◆ WHAT TO PRODUCE: Repeat the data exactly, please; no pictures belong in the copy.

◆ PROVIDED INFORMATION:
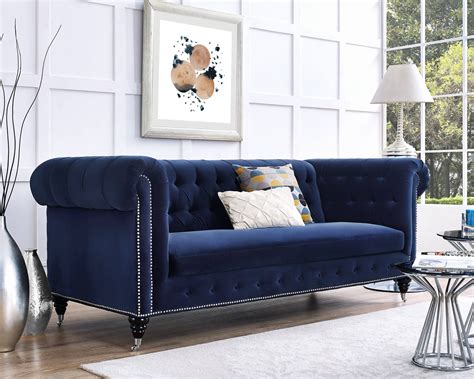 blue velvet tufted sofas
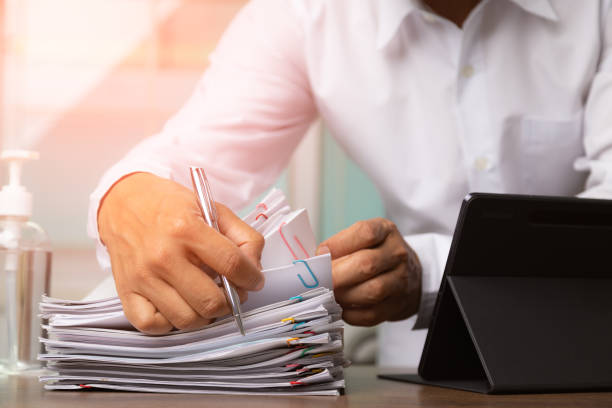 istock Businessman signing document after reading the agreement in office, hand writing. 1347504692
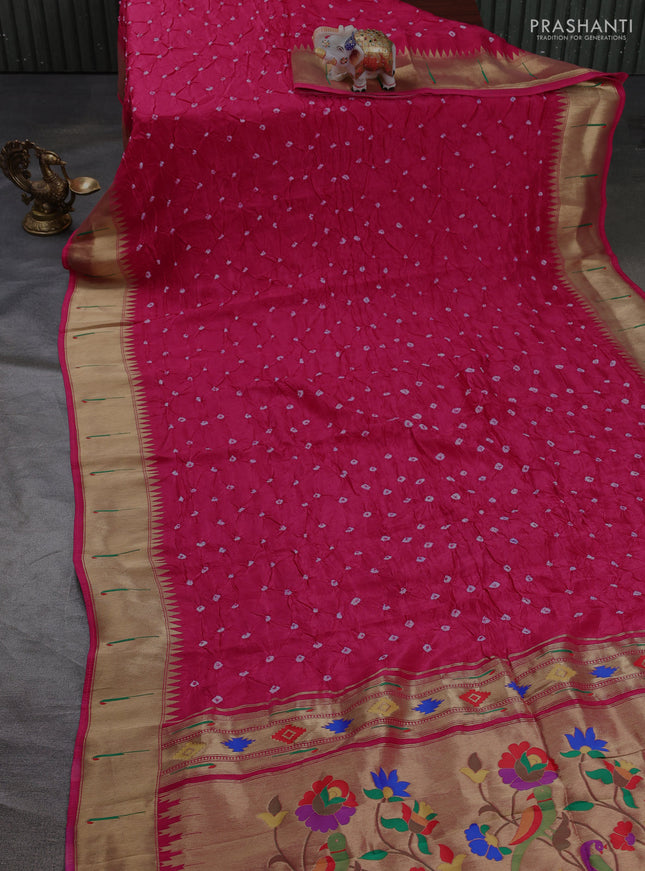 Dola silk saree pink with allover bandhani prints and muniya butta border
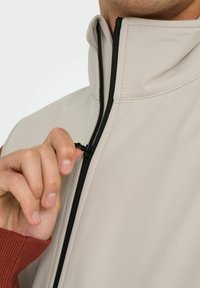 Beige Jacke mit hohem Kragen, mit schwarzem Reißverschluss-Detail. Hand greift den Reißverschluss, darunter ist ein roter Pullover sichtbar.
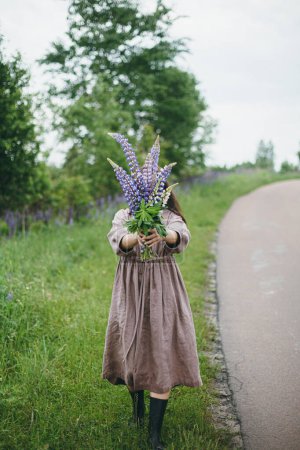Téléchargez les photos : Femme tenant bouquet de lupin fermer dans la campagne d'été. Esthétique Cottagecore. Jeune femme en robe de lin tenant des fleurs sauvages sur fond de route rurale et prairie, vie lente - en image libre de droit
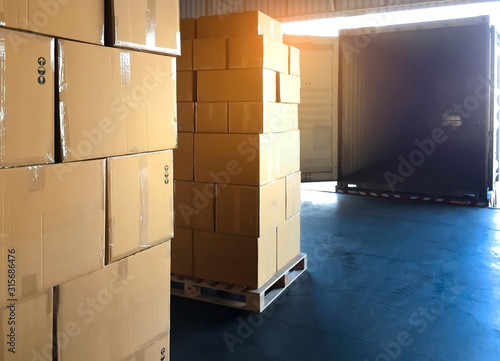 Stack package boxes on pallet load into a truck, Freight industry logistics and transport, Cargo shipment, Warehouse courier transport by truck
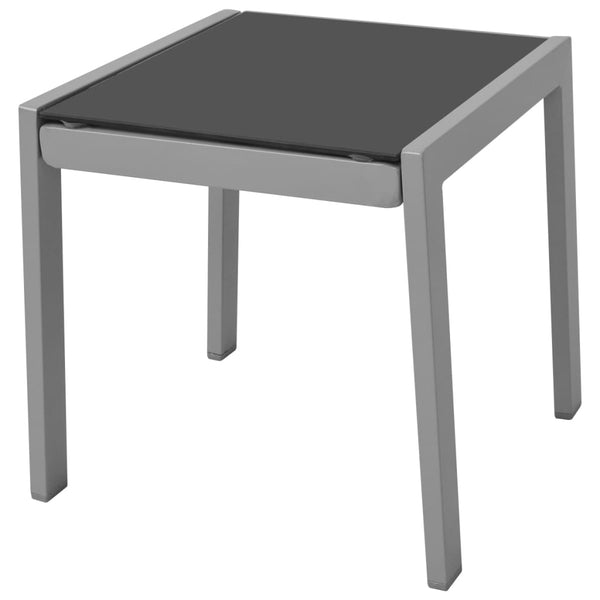 Schwarze Sonnenliegen mit Tisch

◆ RESPONSE:
 blue velvet tufted sofas
 istock Businessman signing document after reading the agreement in office, hand writing. 1347504692
 Dola silk saree pink with allover bandhani prints and muniya butta border
 Beige Jacke mit hohem Kragen, mit schwarzem Reißverschluss-Detail. Hand greift den Reißverschluss, darunter ist ein roter Pullover sichtbar.
Téléchargez les photos : Femme tenant bouquet de lupin fermer dans la campagne d'été. Esthétique Cottagecore. Jeune femme en robe de lin tenant des fleurs sauvages sur fond de route rurale et prairie, vie lente - en image libre de droit
 Stack package boxes on pallet load into a truck, Freight industry logistics and transport, Cargo shipment, Warehouse courier transport by truck
 Schwarze Sonnenliegen mit Tisch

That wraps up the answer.